Selecting the Best Arm in One-Shot Multi-Arm RCTs: The Asymptotic Minimax-Regret Decision Framework for the Best-Population Selection Problem
Joonhwi Joo
TL;DR
This work develops a frequentist minimax-regret framework for selecting the best arm in one-shot, multi-arm RCTs, deriving an optimal MMR rule for general multivariate location-family rewards and specializing to MVN rewards to yield a practical plug-in AMMR rule based on estimated means and covariances. It shows a sharp distinction between two-arm and multi-arm designs: with two arms, the empirical zero-threshold rule remains MMR-optimal regardless of variances, while with three or more arms and heteroskedasticity the MMR boundaries become nonlinear and penalize high-variance arms, requiring stronger evidence to choose them.
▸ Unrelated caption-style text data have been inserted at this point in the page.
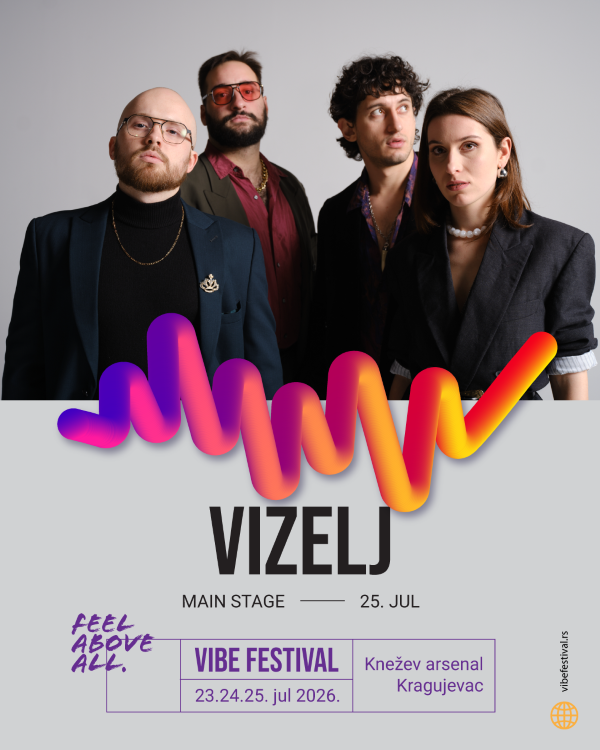 Vizelj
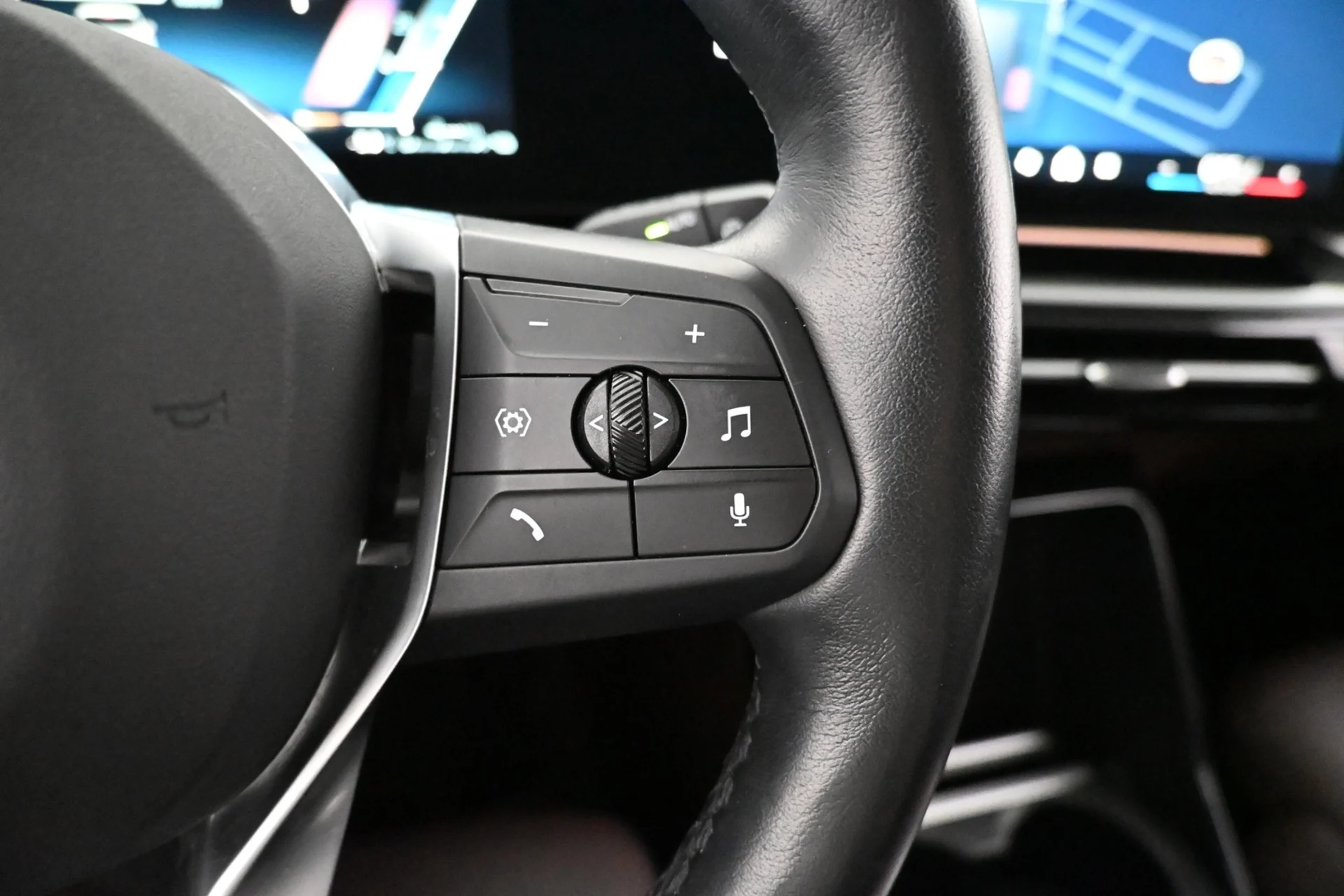 Car Image - 3gIi03tn3xNYjgjMKSAY6x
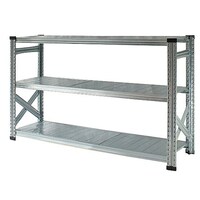 ���^���V�X�e���@���^���V�X�e���@���P�T�V�D�V�~�����P�O�S�D�W�~���s�R�Q�D�O�����@�R�i�@�l�r�P�T�P�O�R���R�@�P��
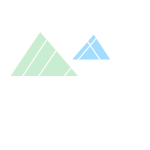 PRSM Solutions
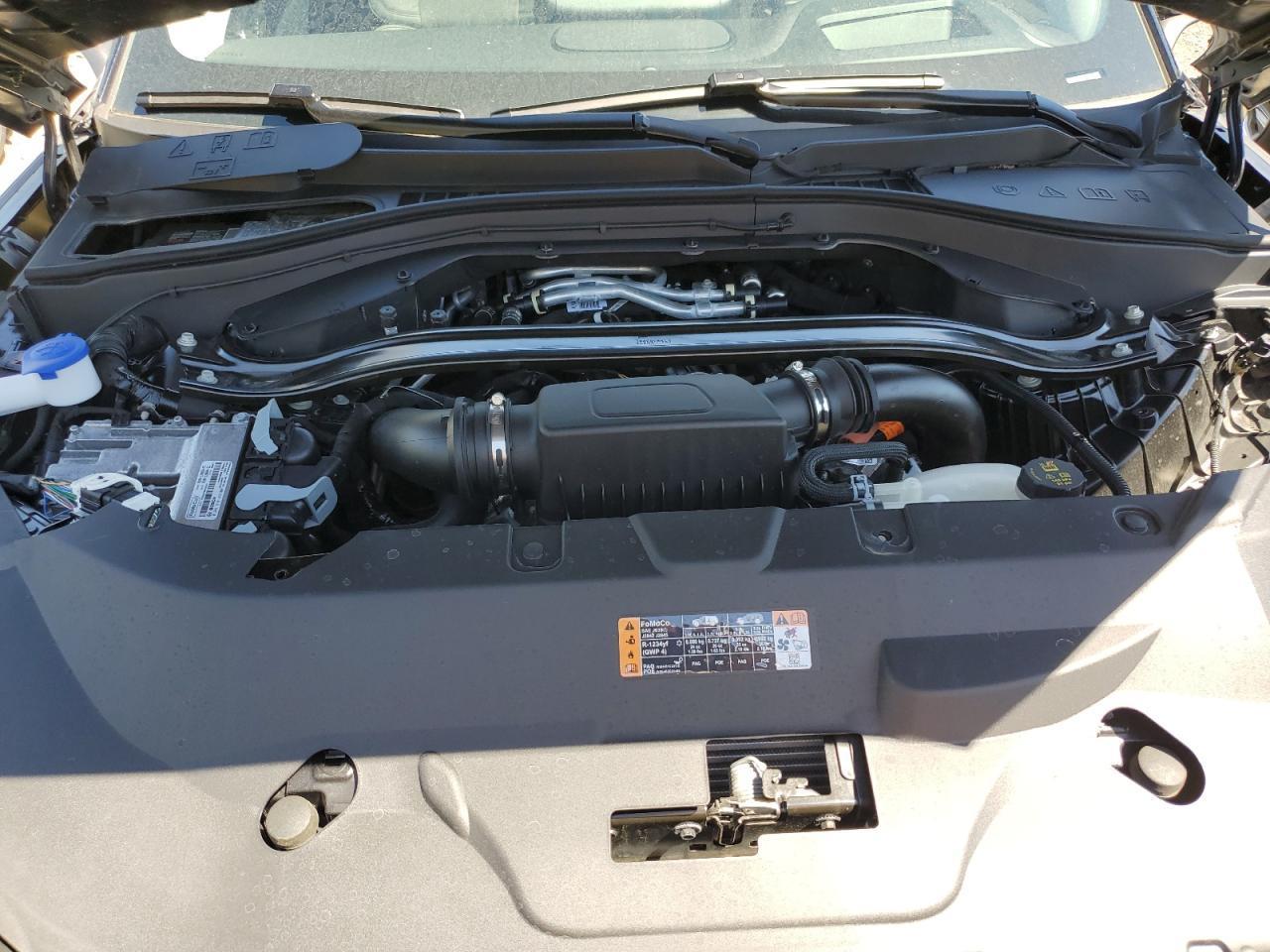 Lincoln Aviator Reserve Image 3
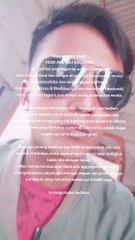 HOW ARE YOU SOLDIERS available now on Spotify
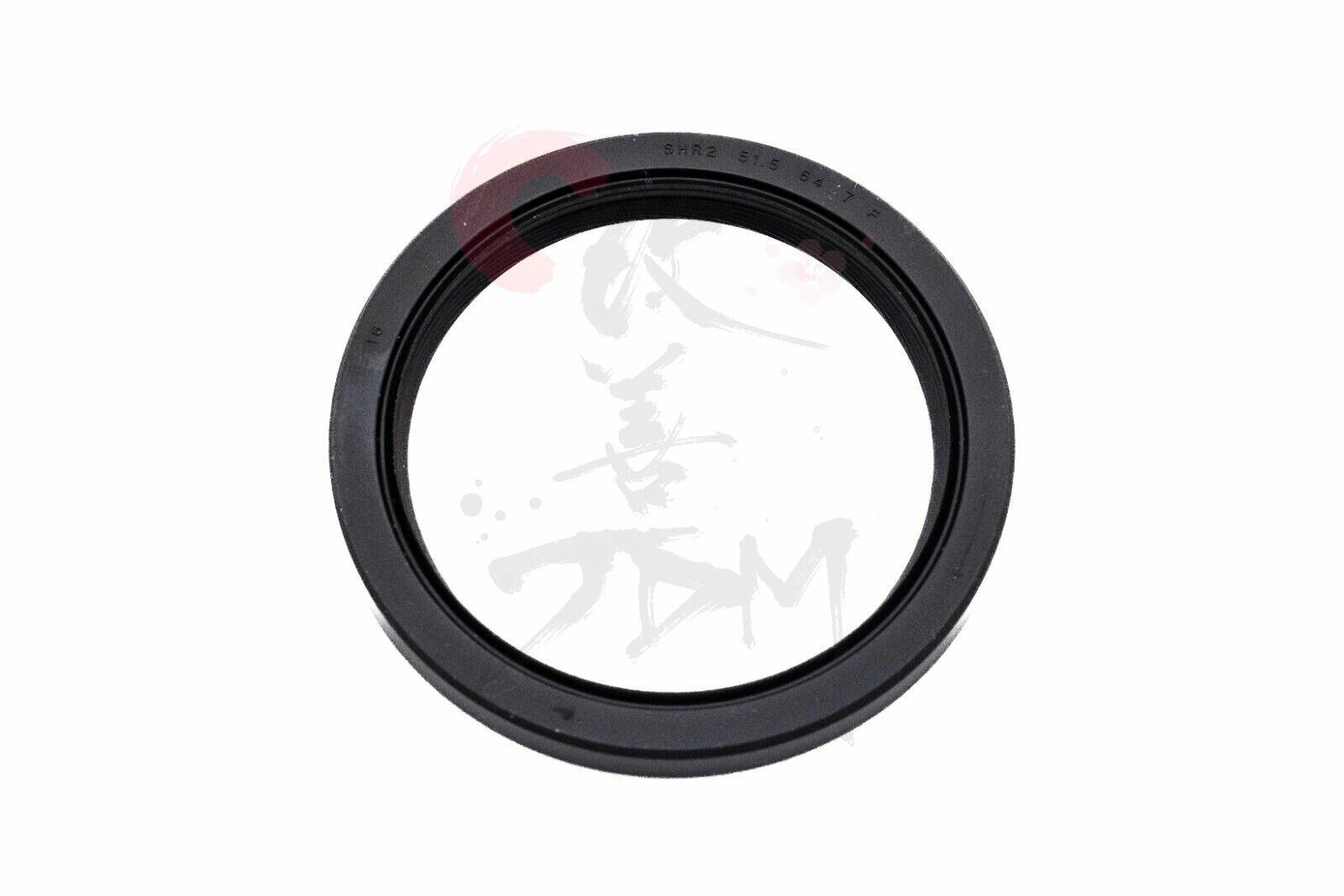 だいり  Genuine Mazda 6 OEM Car Parts for Sale | KaizenJDM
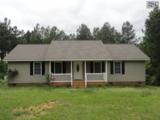 Listing photo for 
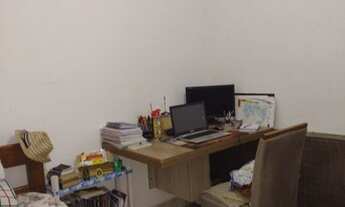 Imagem 4: Casa com 2 dormitórios à venda, 160 m² por R$ 700.000 - Cidade Dutra - São Paulo/SP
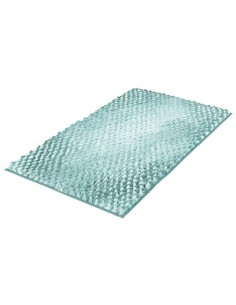 Tapis de Bain - Cory Vert - 3 tailles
The analysis uses a dual maximin formulation, proves the existence and structure of nature’s least-favorable prior (supported on exactly one point in each Θ^i region), and establishes that the corresponding Bayes rule is unique and minimax; it then provides a local asymptotic justification for plug-in MVN rules when the mean-estimator is locally uniformly normal and covariances are estimated. Numerically, the paper computes the least-favorable priors and visualizes decision boundaries for two- and three-arm MVN experiments, showing how variance structure shapes optimal boundaries and prior masses, and offering a practical framework for comparing multiple policies in a unified decision-theoretic setting.
Abstract
We develop a frequentist decision-theoretic framework for selecting the best arm in one-shot, multi-arm randomized controlled trials (RCTs). Our approach characterizes the minimax-regret (MMR) optimal decision rule for any multivariate location family reward distribution with full support. We show that the MMR rule is deterministic, unique, and computationally tractable. We then specialize to the case of multivariate normal (MVN) rewards with an arbitrary covariance matrix, and establish the local asymptotic minimaxity of a plug-in version of the rule when only estimated means and covariances are available. This asymptotic MMR (AMMR) procedure maps a covariance-matrix estimate directly into decision boundaries, allowing straightforward implementation in practice. Our analysis highlights a sharp contrast between two-arm and multi-arm designs. With two arms, the "pick-the-winner" empirical success rule remains MMR-optimal, regardless of the arm-specific variances. By contrast, with three or more arms and heterogeneous variances, the empirical success rule is no longer optimal: the MMR decision boundaries become nonlinear and systematically penalize high-variance arms, requiring stronger evidence to select them. Our multi-arm AMMR framework offers a rigorous foundation that leads to practical criteria for comparing multiple policies simultaneously.